Generally, people offer gifts to loved ones, close relatives, friends, and others as a demonstration of their appreciation for continued good relationships or for whatever good deeds or services received during the year. For most people, it is a genuine, selfless desire to express their love and thoughtfulness. And for as long as a relationship exists and remains the cherished one it has been, such seasonal gift givers would do this year after year with a joyful heart and without any expectations for future reward or gain.
For some other people, the act of gift giving at the end of the year has become a compelling need. Left to them alone there should be no Christmas gift offerings or gift exchanges. As one colleague observes, “What’s the rational in spending over $600.00 in gifts for a whole lot of family members who, in turn, may be sending valuable gift items that usually may not be used by the next Christmas season?” And she added, “It’s been so year after year. I have several pairs of shoes and clothings I haven’t used since they were presented to me as Christmas gifts. It makes no sense to me.”
There is another group of gift givers. These are the people who are motivated by a selfish desire to give presents at this time. Most commonly are subordinate officers and employees who feel a tendency to please their bosses as well as superior officers in top management positions.

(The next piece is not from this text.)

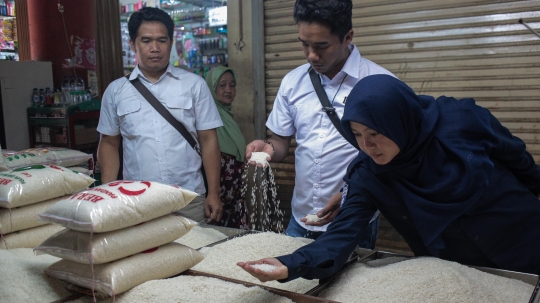 Tim Satgas Pangan PMJ dan Bulog Tinjau Harga Beras di Pasar Tomang Barat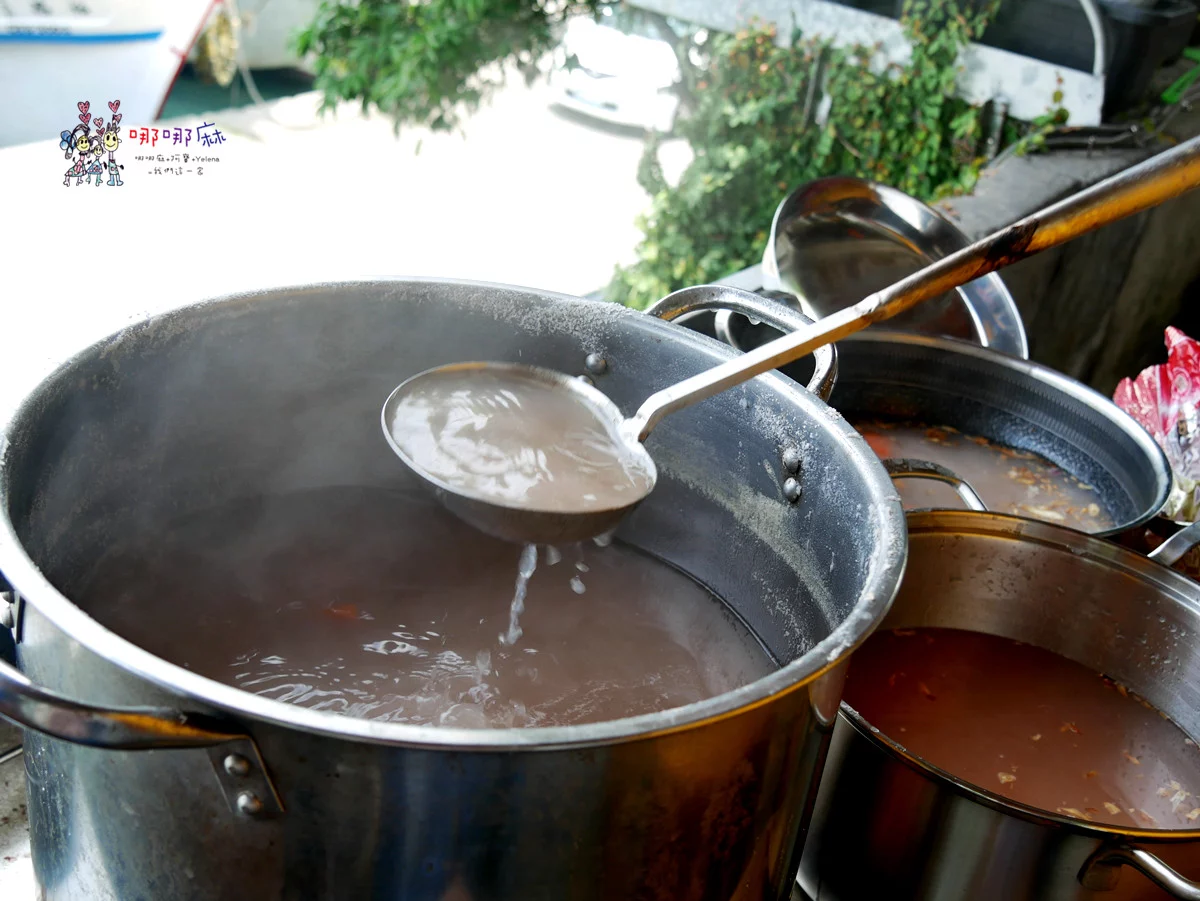 賞鯨了啦！看完海豚和牛奶海，再到漁港體驗DIY海鮮料理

Their motive for such gift giving is to ensure that they maintain favorable images in the eyes of their bosses.
Gift offerings inspired by a compulsive urge, and against one’s will, or done with some expectations for future gain or privilege naturally diminish the real importance of gift gifting and gift receiving.
Many years ago, a friend of mine who was then working at the Head Office of one of the key ministries in my home country Ghana, found himself in a similar situation where he was compelled to offer gifts to his immediate bosses. He had done it in the previous year but was very unwilling to repeat it, convinced that it was improper and no doubt an act likely to corrupt a public official. In fact, public office holders are not supposed to accept gifts of any kind. Such gifts are bribes in many ways. And bribery is illegal. He who gives bribe is as guilty as the one who receives bribe.
During that time the Head Office of this particular ministry was literally a gold mine for virtually any employee, including even messengers – ordinary office helpers. Nobody wanted to be transferred from the Head Office and workers there, like those in similar “gold-mine” establishments desperately tried to remain in the good books of management personnel who dealt with staff movements. Thus such seasonal gift giving became more of a shamelessly dishonorable practice.
Unfortunately, year after year people will always find a compelling need to offer gifts they certainly wish they would not have to give at the end of the year. If your gift offering is not inspired by a genuine desire to express appreciation but simply to impress, you are merely trying to satisfy your own ego. And if it has to be done grudgingly you better forget about it all. God loves a cheerful giver, one who gives freely, selflessly and with such joy in their heart the thought of reciprocal generosity hardly crosses their mind.